CELEBRATING THE FOURTH - Busting the boom trade - Authorities team up to stem the flow of illegal fireworks, largely from one Nevada town. They see a downward trend.

Alexander Cortez tried to smile and seem nonchalant as members of his family watched from the front lawn of their house on Mountain Avenue in Pasadena on Wednesday evening. "I was just trying to have fun and relax, you know, celebrate the Fourth of July," he was saying as a police officer handed him a citation for misdemeanor possession of illegal fireworks.

The 21-year-old pest control technician might be facing a fine of $250 and a bit of community service for setting off a handful of firecrackers on the sidewalk just as a patrolling arson investigator passed by in his car.

Cortez's alleged offense was small compared with a bust earlier in the day in Pomona that netted 2,000 pounds of illegal fireworks. But as with many another Californian who found himself in hot water with the law because of illegal fireworks Wednesday, Cortez's travails in all likelihood had their roots in Pahrump, Nev.

The town is laid out like flatbread in the convection oven of high desert 60 miles equidistant from Death Valley and Las Vegas. Its best-known export is the stuff that soured Cortez's holiday.

Pahrump, with a rapidly growing population of 37,000, is home to three fireworks supermarkets whose voluminous wares might well induce a state of ecstasy in any lover of pyrotechnics.

The shelves of the three stores -- Blackjack Fireworks, Phantom Fireworks and Area 51 -- are packed with everything from 50-cent poppers to hatbox- and suitcase-size items that sell for hundreds and even thousands of dollars.

Many of the fireworks have action comic book-type names, such as Neutron Bomb, Mineshell Mayhem, Major Combat, Ring of Fire and the 750-shot Assorted Missile Barrage.
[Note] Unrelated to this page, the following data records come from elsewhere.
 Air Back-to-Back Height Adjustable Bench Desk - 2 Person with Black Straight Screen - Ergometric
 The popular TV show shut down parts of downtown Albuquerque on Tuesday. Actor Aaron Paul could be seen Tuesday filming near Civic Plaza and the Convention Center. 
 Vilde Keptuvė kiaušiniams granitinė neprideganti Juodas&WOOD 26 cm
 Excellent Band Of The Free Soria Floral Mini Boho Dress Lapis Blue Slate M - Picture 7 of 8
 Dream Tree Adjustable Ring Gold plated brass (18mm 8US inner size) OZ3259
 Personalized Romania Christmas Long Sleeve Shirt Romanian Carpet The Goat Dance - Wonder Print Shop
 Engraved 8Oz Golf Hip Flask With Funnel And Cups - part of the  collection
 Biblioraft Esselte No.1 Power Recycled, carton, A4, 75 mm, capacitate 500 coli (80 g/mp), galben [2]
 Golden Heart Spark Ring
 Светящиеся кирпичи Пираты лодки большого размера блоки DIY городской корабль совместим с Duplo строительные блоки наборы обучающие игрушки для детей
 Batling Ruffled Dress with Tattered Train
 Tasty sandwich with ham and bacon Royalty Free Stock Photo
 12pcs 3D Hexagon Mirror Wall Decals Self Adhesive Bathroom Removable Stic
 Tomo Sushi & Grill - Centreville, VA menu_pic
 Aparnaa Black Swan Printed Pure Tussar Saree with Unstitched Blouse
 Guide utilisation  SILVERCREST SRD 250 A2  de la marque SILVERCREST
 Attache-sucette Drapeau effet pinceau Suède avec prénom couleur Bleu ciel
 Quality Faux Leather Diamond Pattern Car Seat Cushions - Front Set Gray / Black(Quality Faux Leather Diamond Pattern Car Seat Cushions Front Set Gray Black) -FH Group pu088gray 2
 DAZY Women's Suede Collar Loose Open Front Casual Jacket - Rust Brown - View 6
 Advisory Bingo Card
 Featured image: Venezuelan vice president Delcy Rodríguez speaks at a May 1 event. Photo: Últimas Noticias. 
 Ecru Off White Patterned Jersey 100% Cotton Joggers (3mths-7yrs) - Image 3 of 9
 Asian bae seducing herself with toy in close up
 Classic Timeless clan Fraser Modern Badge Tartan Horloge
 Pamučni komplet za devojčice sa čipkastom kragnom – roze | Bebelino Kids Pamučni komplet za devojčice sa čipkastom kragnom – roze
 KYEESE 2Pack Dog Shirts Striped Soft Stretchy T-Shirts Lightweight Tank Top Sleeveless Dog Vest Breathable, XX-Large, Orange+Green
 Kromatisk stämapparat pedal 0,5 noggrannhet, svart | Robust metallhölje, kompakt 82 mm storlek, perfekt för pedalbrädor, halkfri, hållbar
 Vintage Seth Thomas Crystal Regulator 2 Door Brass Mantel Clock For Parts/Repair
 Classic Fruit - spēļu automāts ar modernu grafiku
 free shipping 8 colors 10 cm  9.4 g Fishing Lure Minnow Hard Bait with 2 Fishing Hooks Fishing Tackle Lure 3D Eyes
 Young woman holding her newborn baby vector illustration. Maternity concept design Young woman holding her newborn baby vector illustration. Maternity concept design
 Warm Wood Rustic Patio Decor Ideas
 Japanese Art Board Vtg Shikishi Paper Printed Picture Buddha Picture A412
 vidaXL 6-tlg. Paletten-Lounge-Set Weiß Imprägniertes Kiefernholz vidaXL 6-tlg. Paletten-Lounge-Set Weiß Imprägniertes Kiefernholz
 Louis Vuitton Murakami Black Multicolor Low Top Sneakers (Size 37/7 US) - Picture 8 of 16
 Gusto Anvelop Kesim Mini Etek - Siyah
They feature items manufactured in China by, among others, Brothers Pyrotechnics, Shogun Pyrotechnics, Ninja and Alien, and some made in the U.S. by Long Island, N.Y.-based Grucci.

Large signs in front of the stores advertise sales by the case, and three-for-one and two-for-one specials.

License plates from California, where any fireworks that explode, fly or move on the ground are illegal, are familiar sights in the stores' parking lots.

The stores maintain an ambiguous policy toward selling to Californians, and to local residents, law enforcement officers say. The law in Nye County, where Pahrump is, requires that any fireworks purchased must be transported out of the county within 24 hours.